You can use a writable CryptoStream to write your data. This is the easiest way.
You can call HashAlgorithm.TransformBlock multiple times, and then calling TransformFinalBlock will give you the result of all blocks.
Chunk up your input (by reading x amount of bytes from a steam) and call TransformBlock with each chunk.
EDIT (from the msdn example):
public static void PrintHashMultiBlock(byte[] input, int size)
{
SHA256Managed sha = new SHA256Managed();
int offset = 0;
while (input.Length - offset >= size)
offset += sha.TransformBlock(input, offset, size, input, offset);
sha.TransformFinalBlock(input, offset, input.Length - offset);
Console.WriteLine("MultiBlock {0:00}: {1}", size, BytesToStr(sha.Hash));
}
Sorry I don't have any example readily available, though for you, you're basically replacing input with your own chunk, then the size would be the number of bytes in that chunk. You will have to keep track of the offset yourself.

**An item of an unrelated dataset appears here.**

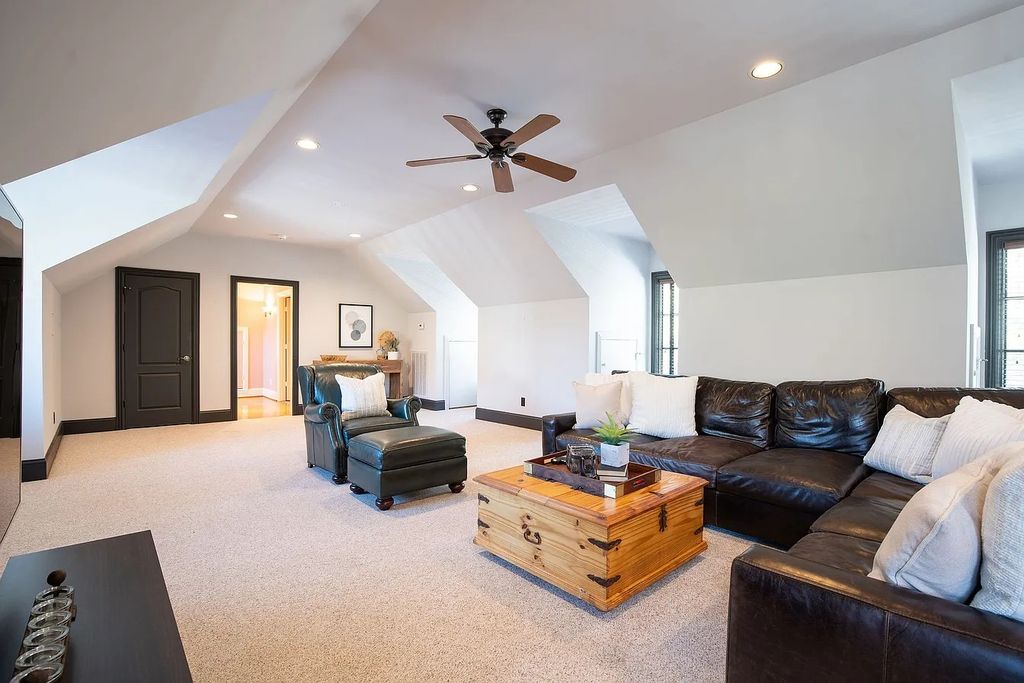 The Estate in Nashville is a luxurious home providing plenty of room for storage or expansion now available for sale. This home located at 1108 Overton Lea Rd, Nashville, TN 37220, Tennessee; offering 04 bedrooms and 08 bathrooms with 7,209 square feet of living spaces.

You can generate an MD5 hash using the MD5CryptoServiceProvider's ComputeHash method. It takes a stream as input.
Create a memory or file stream, write your hash inputs to that, and then call the ComputeHash method when you are done.

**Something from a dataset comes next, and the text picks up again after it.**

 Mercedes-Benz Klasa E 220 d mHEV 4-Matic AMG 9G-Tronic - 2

var myStream = new MemoryStream();
// Blah blah, write to the stream...
myStream.Position = 0;
using (var csp = new MD5CryptoServiceProvider()) {
var myHash = csp.ComputeHash(myStream);
}
EDIT: One possibility to avoid building up massive Streams is calling this over and over in a loop and XORing the results:
// Assuming we had this somewhere:
Byte[] myRunningHash = new Byte[16];
// Later on, from above:
for (var i = 0; i < 16; i++) // I believe MD5 are 16-byte arrays. Edit accordingly.

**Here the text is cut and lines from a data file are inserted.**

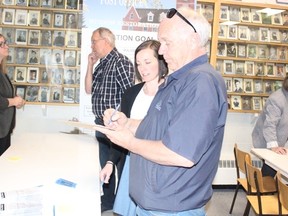 Leanne Delong (back) took questions about Melfort’s new city plan at the Chase the Ace at the Melfort Legion on Thursday, May 10.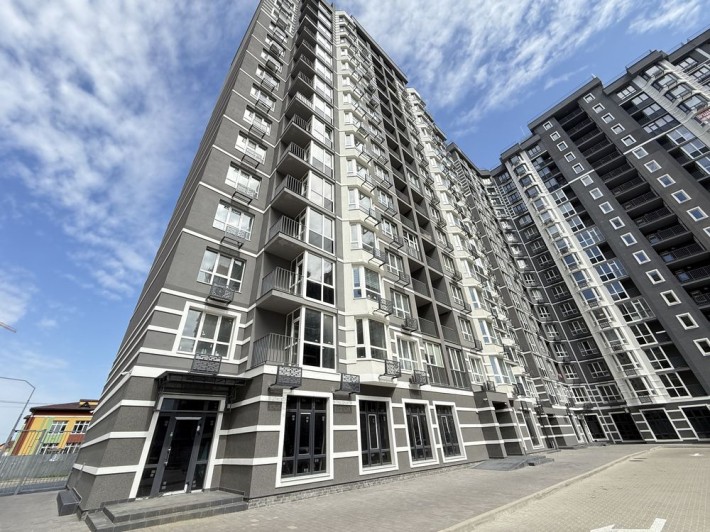 Здам приміщення в ЖК Гранд Бурже. 2 входи: на вулицю і у двір. 28кВт - фото 1
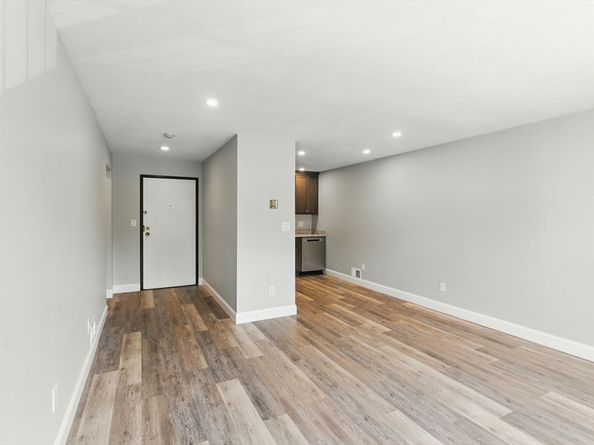 71 Princeton St 303, Chelmsford MA 01863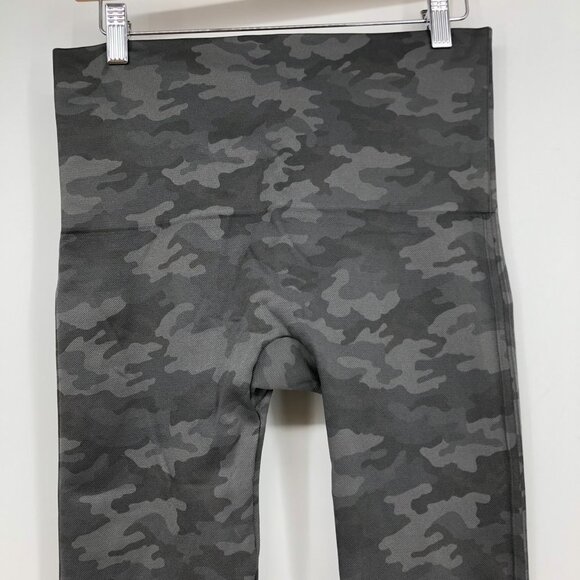 Spanx Look At Me Now cropped Leggings in Sage green / grey  Camo size 1X - Picture 14 of 16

myRunningHash[i] = myRunningHash[i] ^ [myHash[i];
EDIT #2: Finally, building on @usr's answer below, you can probably use HashCore and HashFinal:
using (var csp = new MD5CryptoServiceProvider()) {
// My example here uses a foreach loop, but an
// event-driven stream-like approach is
// probably more what you are doing here.
foreach (byte[] someData in myDataThings)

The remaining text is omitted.